(What to produce): Nothing but the lines below from the one holding "Mexicaanse meisjes zijn" up to and including the one holding "Ready 2 Rumble" should be copied, exactly and without pictures.

(Material provided):
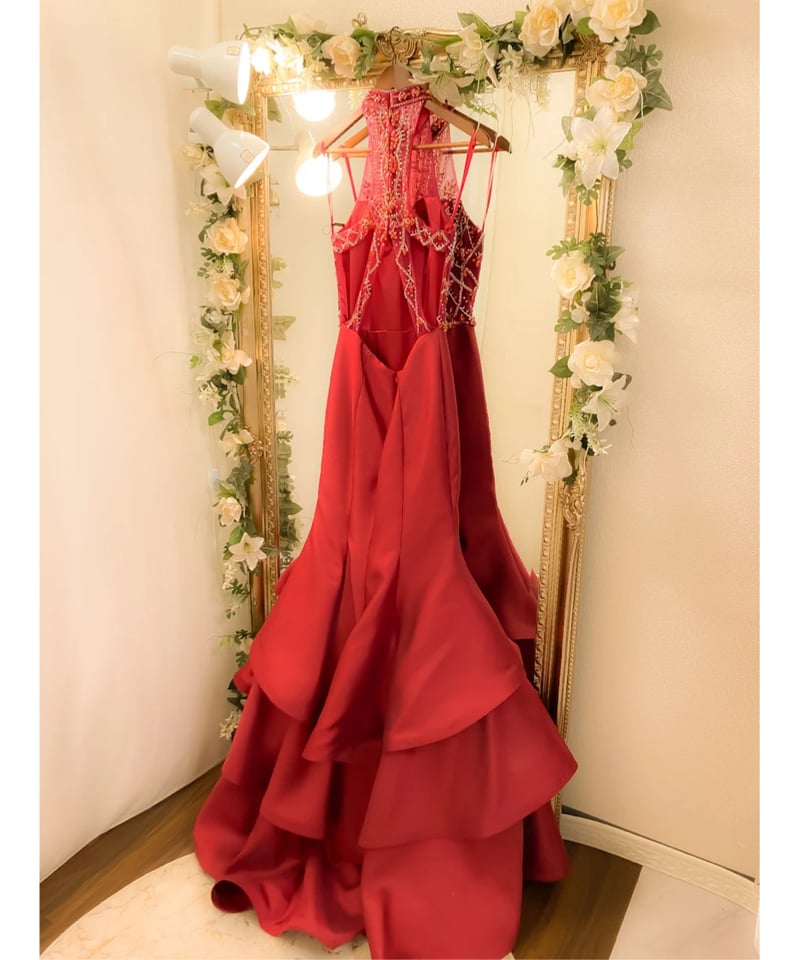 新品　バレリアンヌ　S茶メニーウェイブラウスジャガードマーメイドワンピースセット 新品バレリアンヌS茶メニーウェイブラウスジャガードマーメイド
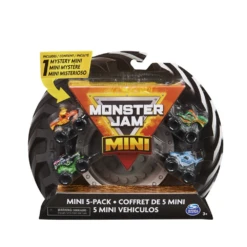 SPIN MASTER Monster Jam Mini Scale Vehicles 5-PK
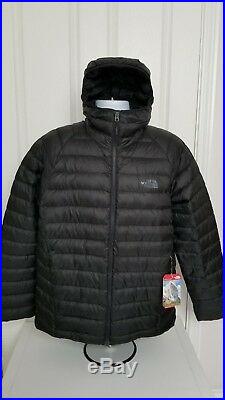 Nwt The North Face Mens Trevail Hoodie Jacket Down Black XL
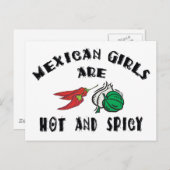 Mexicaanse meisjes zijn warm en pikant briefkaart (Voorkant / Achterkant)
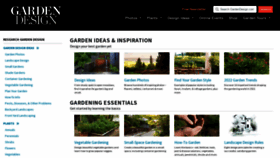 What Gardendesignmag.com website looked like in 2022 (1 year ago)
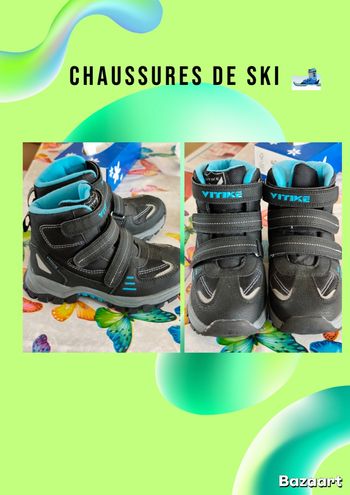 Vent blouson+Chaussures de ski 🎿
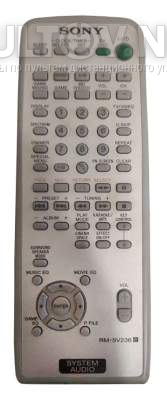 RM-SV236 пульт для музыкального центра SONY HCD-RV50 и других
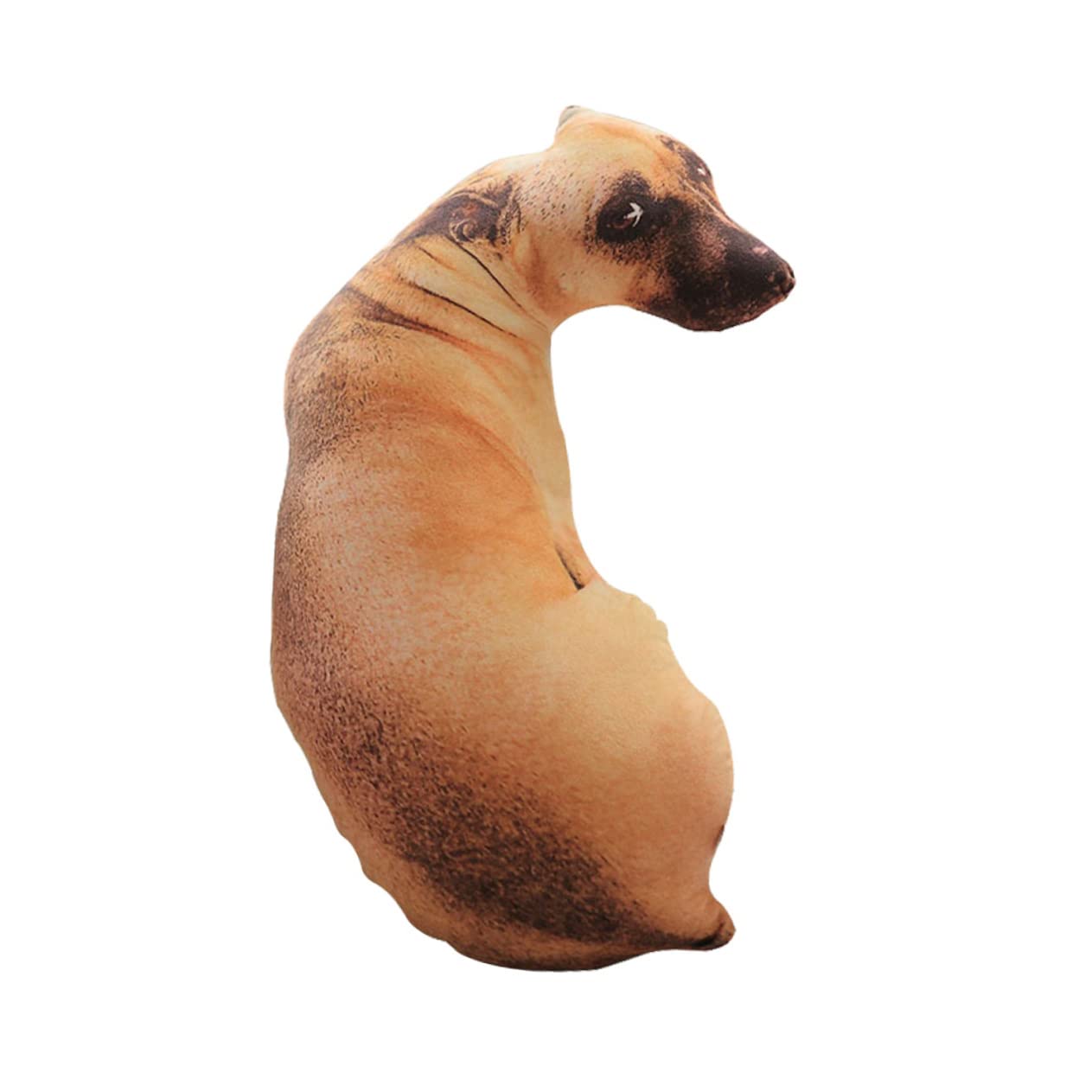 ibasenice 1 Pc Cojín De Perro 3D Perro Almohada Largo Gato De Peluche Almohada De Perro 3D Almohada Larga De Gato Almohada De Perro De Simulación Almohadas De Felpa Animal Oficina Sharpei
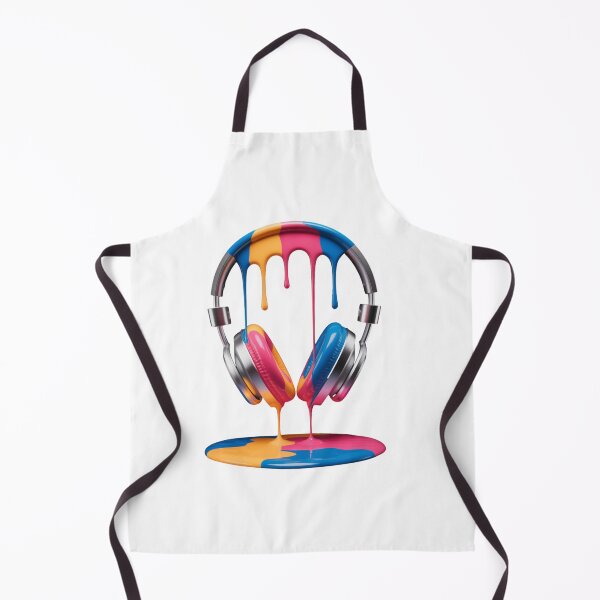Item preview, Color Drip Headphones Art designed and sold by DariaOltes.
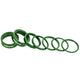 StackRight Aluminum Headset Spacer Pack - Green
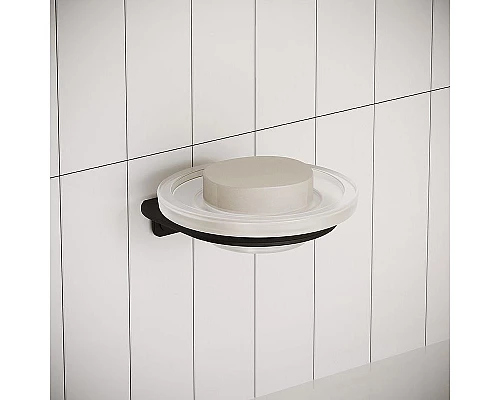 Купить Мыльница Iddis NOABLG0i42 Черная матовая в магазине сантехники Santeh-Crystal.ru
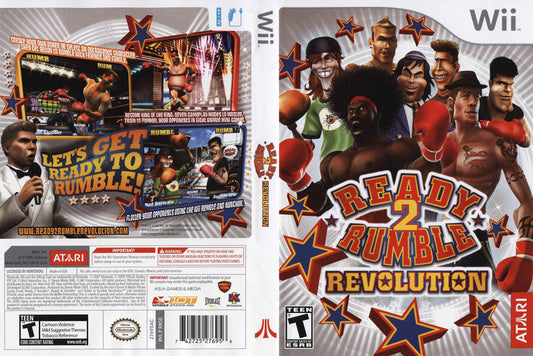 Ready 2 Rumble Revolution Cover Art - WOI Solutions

---

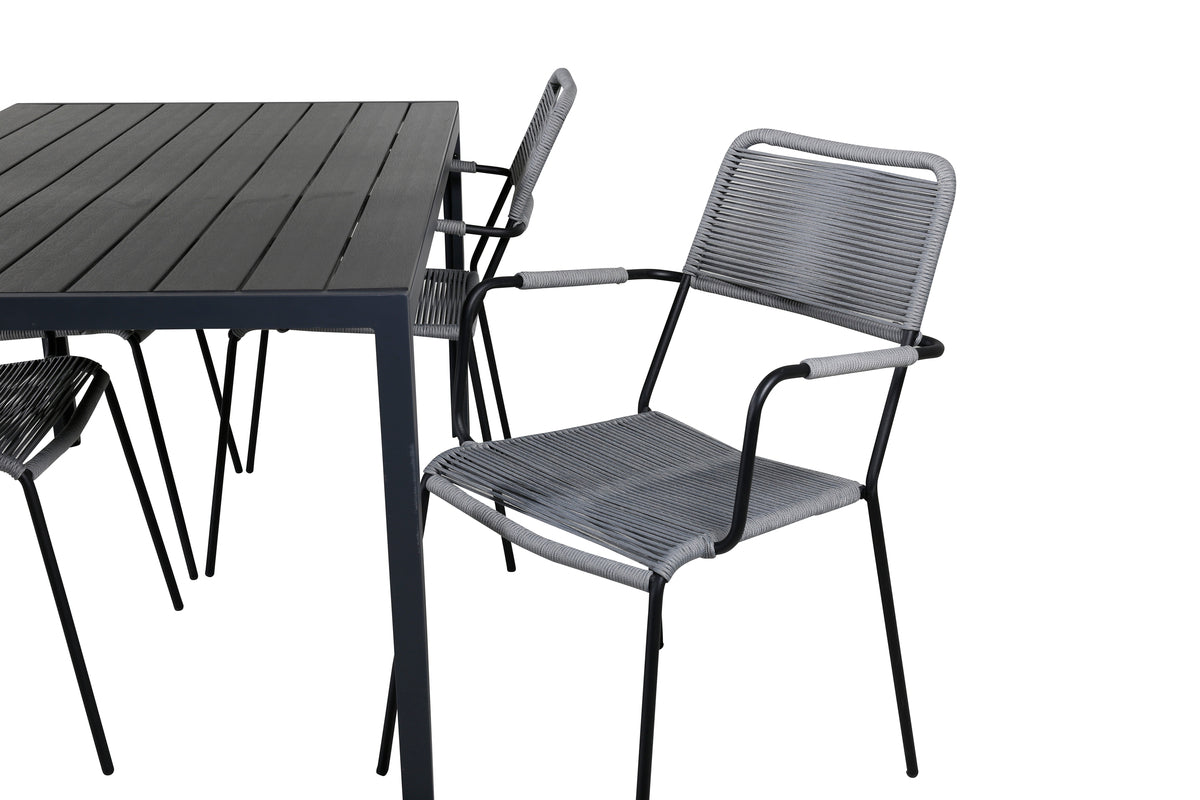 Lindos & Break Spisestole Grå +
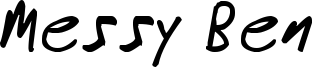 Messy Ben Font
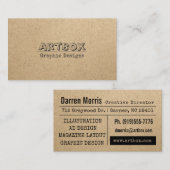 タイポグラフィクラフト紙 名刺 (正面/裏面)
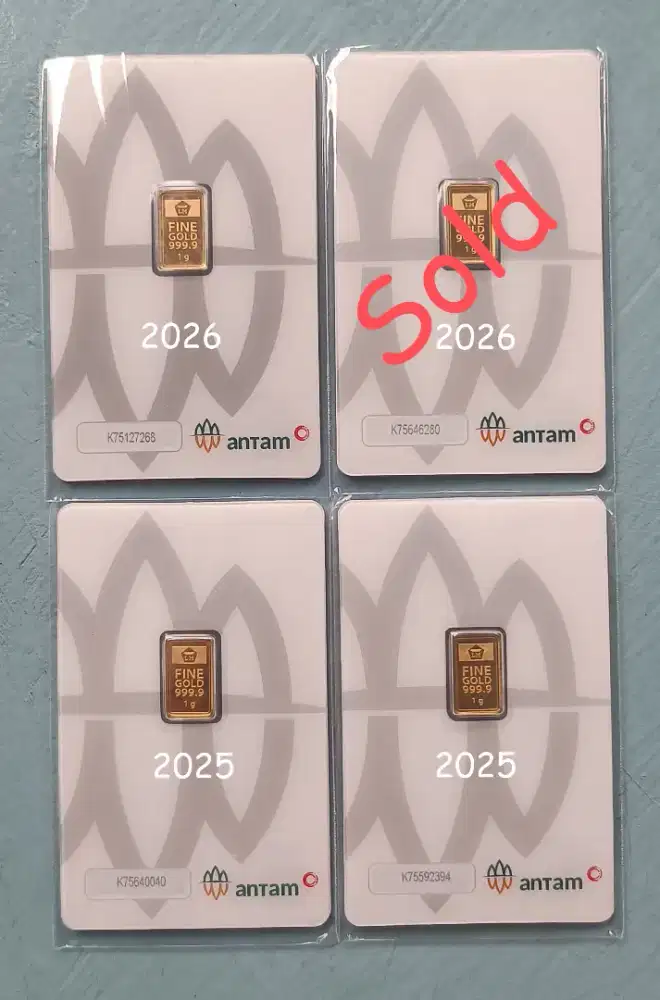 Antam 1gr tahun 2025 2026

...

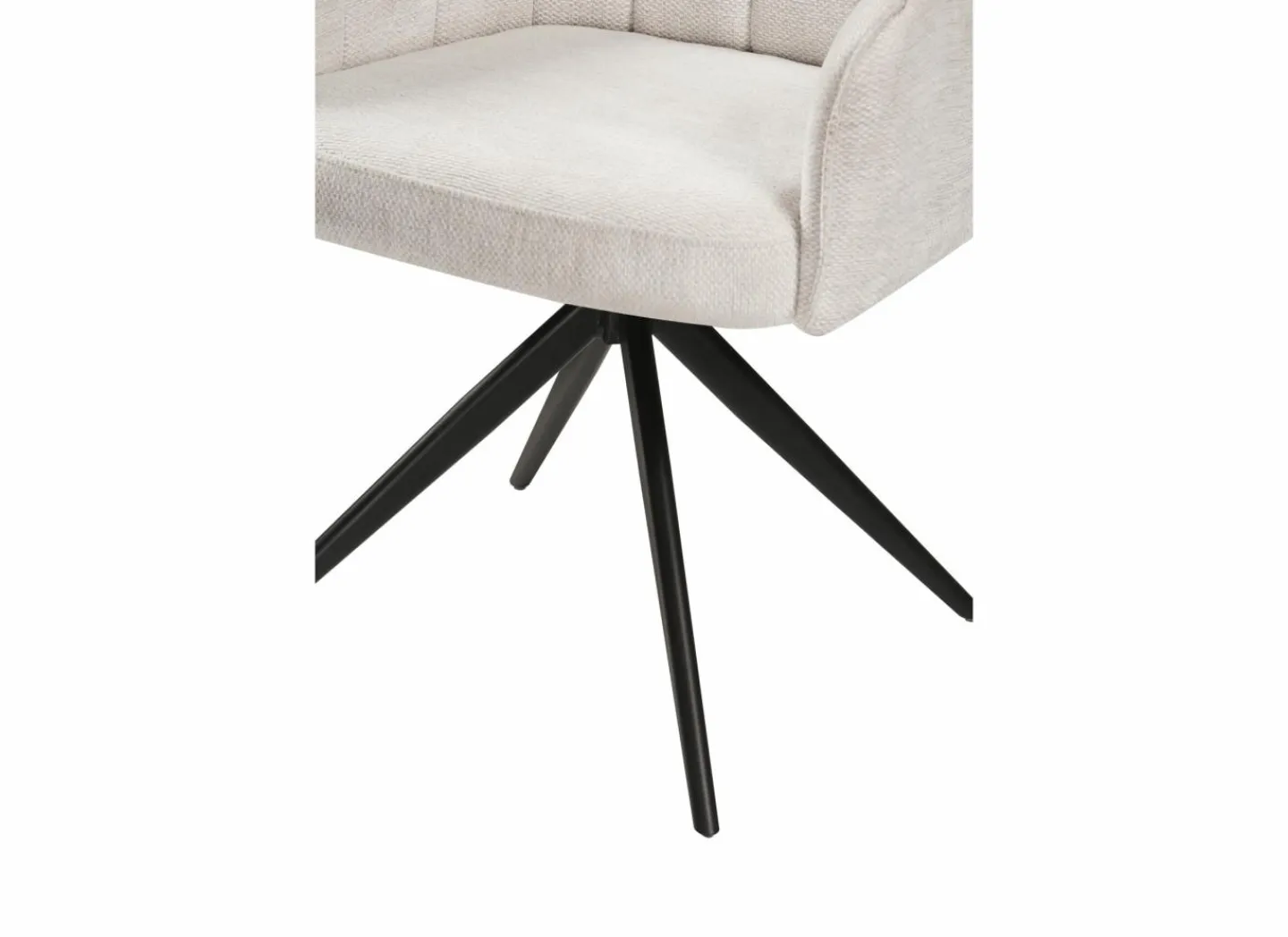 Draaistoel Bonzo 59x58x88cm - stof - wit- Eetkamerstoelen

(Completed exercise):
 Mexicaanse meisjes zijn warm en pikant briefkaart (Voorkant / Achterkant)
 What Gardendesignmag.com website looked like in 2022 (1 year ago)
 Vent blouson+Chaussures de ski 🎿
 RM-SV236 пульт для музыкального центра SONY HCD-RV50 и других
 ibasenice 1 Pc Cojín De Perro 3D Perro Almohada Largo Gato De Peluche Almohada De Perro 3D Almohada Larga De Gato Almohada De Perro De Simulación Almohadas De Felpa Animal Oficina Sharpei
Item preview, Color Drip Headphones Art designed and sold by DariaOltes.
 StackRight Aluminum Headset Spacer Pack - Green
 Купить Мыльница Iddis NOABLG0i42 Черная матовая в магазине сантехники Santeh-Crystal.ru
 Ready 2 Rumble Revolution Cover Art - WOI Solutions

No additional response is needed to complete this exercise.